* **Prompt**: Reproduce each line from the first in the data through the line that contains "820 just east of 35W looking west" exactly; give nothing else.

[Short descriptive text snippets]
::::::
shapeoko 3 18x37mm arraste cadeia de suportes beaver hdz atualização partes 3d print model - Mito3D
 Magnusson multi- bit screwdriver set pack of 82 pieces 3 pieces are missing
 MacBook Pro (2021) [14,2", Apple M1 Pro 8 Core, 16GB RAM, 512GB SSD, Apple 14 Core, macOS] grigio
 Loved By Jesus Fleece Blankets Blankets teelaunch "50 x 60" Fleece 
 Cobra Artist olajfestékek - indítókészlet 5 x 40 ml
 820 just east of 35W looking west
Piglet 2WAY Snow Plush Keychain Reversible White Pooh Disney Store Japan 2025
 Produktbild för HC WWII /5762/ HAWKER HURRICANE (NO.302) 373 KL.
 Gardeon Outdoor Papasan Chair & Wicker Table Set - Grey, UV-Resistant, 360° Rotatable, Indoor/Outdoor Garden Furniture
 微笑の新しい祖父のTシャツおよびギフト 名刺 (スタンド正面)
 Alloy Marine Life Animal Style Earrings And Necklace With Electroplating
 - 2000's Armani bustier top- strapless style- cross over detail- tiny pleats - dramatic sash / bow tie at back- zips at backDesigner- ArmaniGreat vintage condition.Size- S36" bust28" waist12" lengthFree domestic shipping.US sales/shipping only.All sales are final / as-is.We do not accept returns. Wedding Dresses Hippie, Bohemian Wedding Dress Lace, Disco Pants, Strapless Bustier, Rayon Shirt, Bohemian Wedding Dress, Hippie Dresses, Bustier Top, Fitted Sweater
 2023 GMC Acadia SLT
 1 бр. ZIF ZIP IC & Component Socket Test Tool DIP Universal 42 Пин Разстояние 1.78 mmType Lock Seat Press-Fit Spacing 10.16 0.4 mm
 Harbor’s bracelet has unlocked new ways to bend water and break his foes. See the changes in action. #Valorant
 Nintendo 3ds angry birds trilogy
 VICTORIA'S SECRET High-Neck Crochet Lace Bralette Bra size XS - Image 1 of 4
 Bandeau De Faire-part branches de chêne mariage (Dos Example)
::::::
* **Answer area**:
shapeoko 3 18x37mm arraste cadeia de suportes beaver hdz atualização partes 3d print model - Mito3D
 Magnusson multi- bit screwdriver set pack of 82 pieces 3 pieces are missing
 MacBook Pro (2021) [14,2", Apple M1 Pro 8 Core, 16GB RAM, 512GB SSD, Apple 14 Core, macOS] grigio
 Loved By Jesus Fleece Blankets Blankets teelaunch "50 x 60" Fleece 
 Cobra Artist olajfestékek - indítókészlet 5 x 40 ml
 820 just east of 35W looking west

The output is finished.